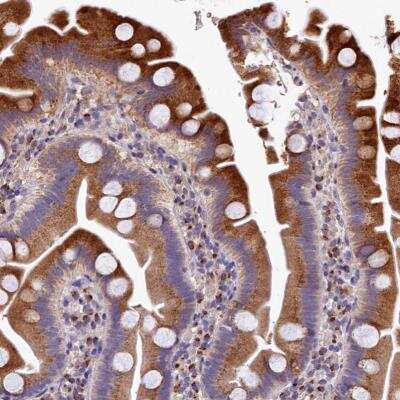 Immunohistochemistry-Paraffin: LSM4 Antibody [NBP1-86846]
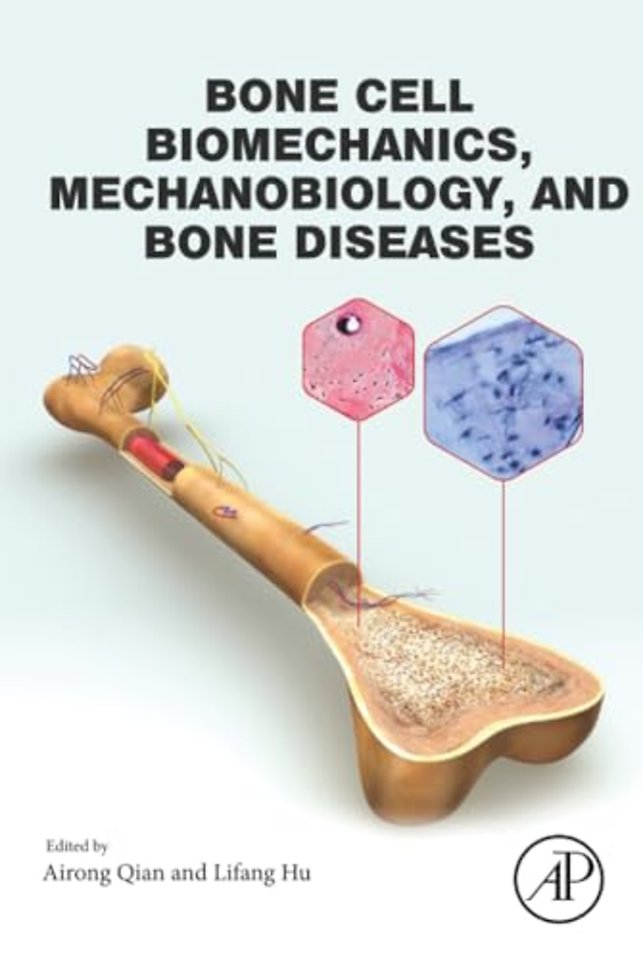 Bone Cell Biomechanics, Mechanobiology and Bone Diseases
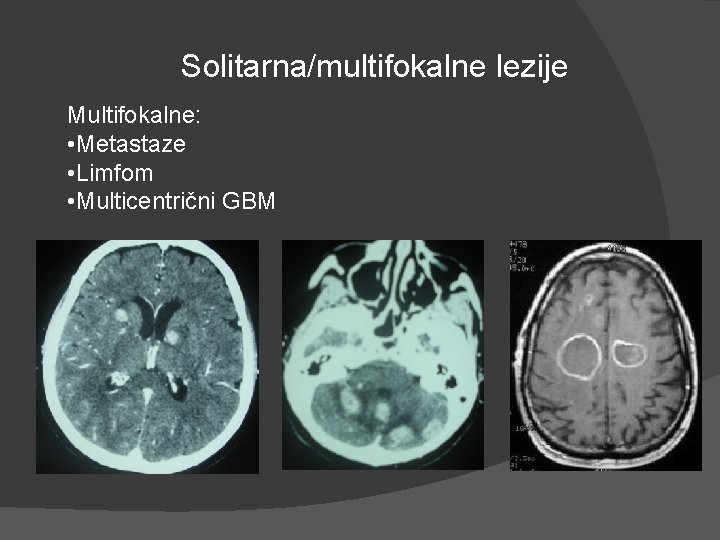 Solitarna/multifokalne lezije Multifokalne: • Metastaze • Limfom • Multicentrični GBM Solitarna/multifokalne lezije Multifokalne: • Metastaze • Limfom • Multicentrični GBM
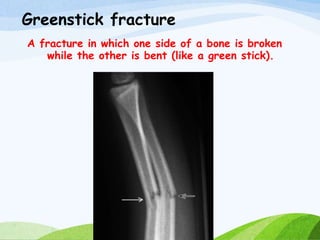 Greenstick fracture
A fracture in which one side of a bone is broken
while the other is bent (like a green stick).
 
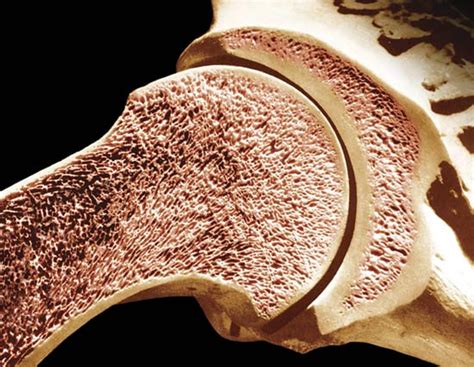 Understanding Bone Density Biostrong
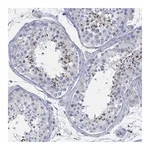 Atlas Antibodies Anti-BBOF1 Antibody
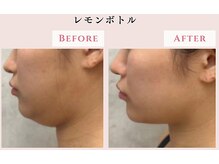 レクラ バイ ドクターエイチ(L'ECLAT by Doctor.H)/レモンボトル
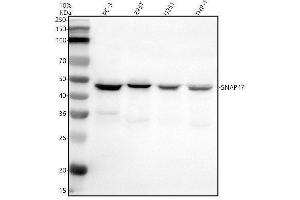 anti-Synaptosomal-Associated Protein, 47kDa (SNAP47) (AA 1-440) antibody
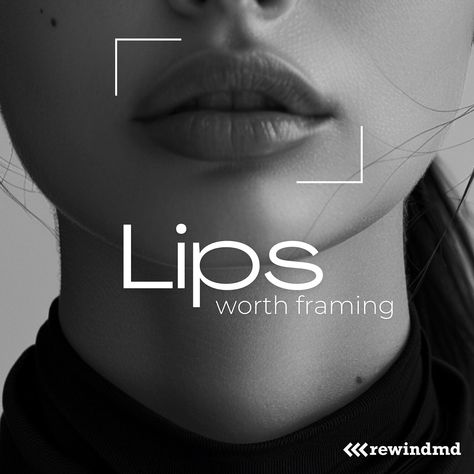 Enhance your natural beauty with lip fillers at RewindMD. We offer a range of top brands, including Juvederm®, Restylane®, and The RHA® Collection. Our expert nurses understand that each patient has unique goals and facial structures. Through careful analysis, we determine the best fillers to achieve your desired look. Schedule a consultation today! 🍒 Cherry financing is available with attractive low monthly payment options. Apply easily via the link in our bio. #RewindMD #SolanaBeach #R... Facial Analysis, Cosmetic Inspiration, Beauty Ads, Best Instagram Feeds, Skin Care Specialist, Facial Fillers, Instagram Feed Layout, Facial Aesthetics, Lip Filler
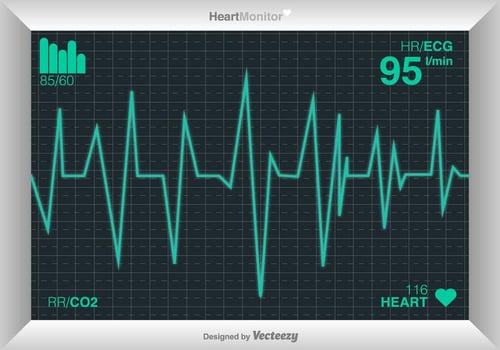 Vector Cardiogram Of Heart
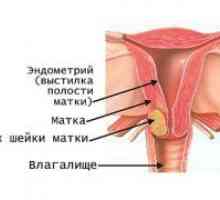 Cancerul de col uterin - semne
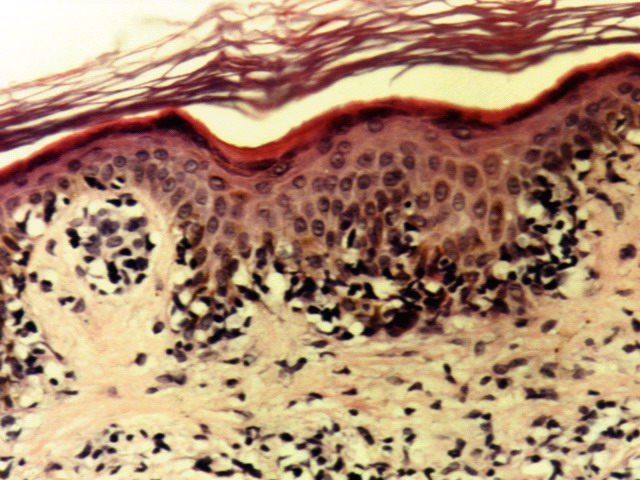 Fig.2: ATLL, Biopsia Cutnea - <div style=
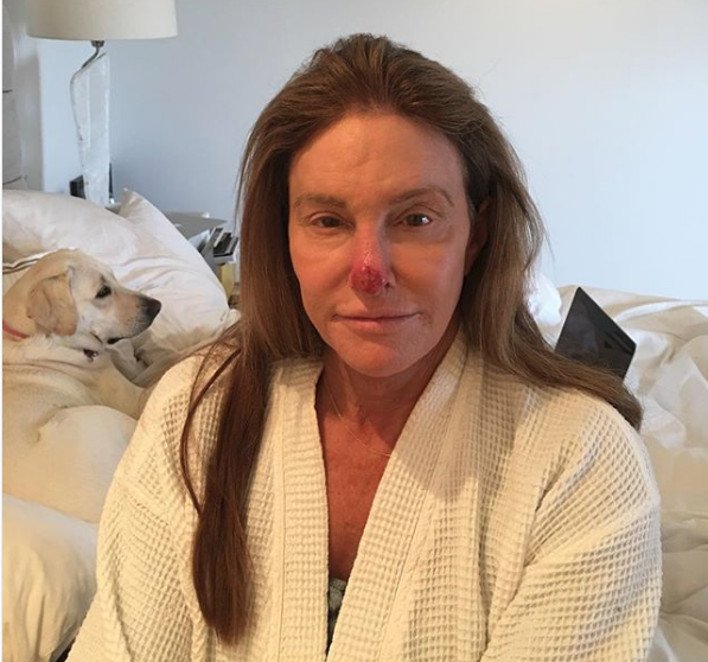 Η Κέιτλιν Τζένερ μόλις έβγαλε έναν μικρό καρκίνο από τη μύτη της [εικόνα] | iefimerida.gr 0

┄┄┄┄┄┄

Only the lines from the one containing "Understanding Bone Density Biostrong" through the end of the data above are to be output, exactly and without pictures.

### TASK ANSWER
 Understanding Bone Density Biostrong
 Atlas Antibodies Anti-BBOF1 Antibody
 レクラ バイ ドクターエイチ(L'ECLAT by Doctor.H)/レモンボトル
 anti-Synaptosomal-Associated Protein, 47kDa (SNAP47) (AA 1-440) antibody
 Enhance your natural beauty with lip fillers at RewindMD. We offer a range of top brands, including Juvederm®, Restylane®, and The RHA® Collection. Our expert nurses understand that each patient has unique goals and facial structures. Through careful analysis, we determine the best fillers to achieve your desired look. Schedule a consultation today! 🍒 Cherry financing is available with attractive low monthly payment options. Apply easily via the link in our bio. #RewindMD #SolanaBeach #R... Facial Analysis, Cosmetic Inspiration, Beauty Ads, Best Instagram Feeds, Skin Care Specialist, Facial Fillers, Instagram Feed Layout, Facial Aesthetics, Lip Filler
 Vector Cardiogram Of Heart
 Cancerul de col uterin - semne
 Fig.2: ATLL, Biopsia Cutnea - <div style=
 Η Κέιτλιν Τζένερ μόλις έβγαλε έναν μικρό καρκίνο από τη μύτη της [εικόνα] | iefimerida.gr 0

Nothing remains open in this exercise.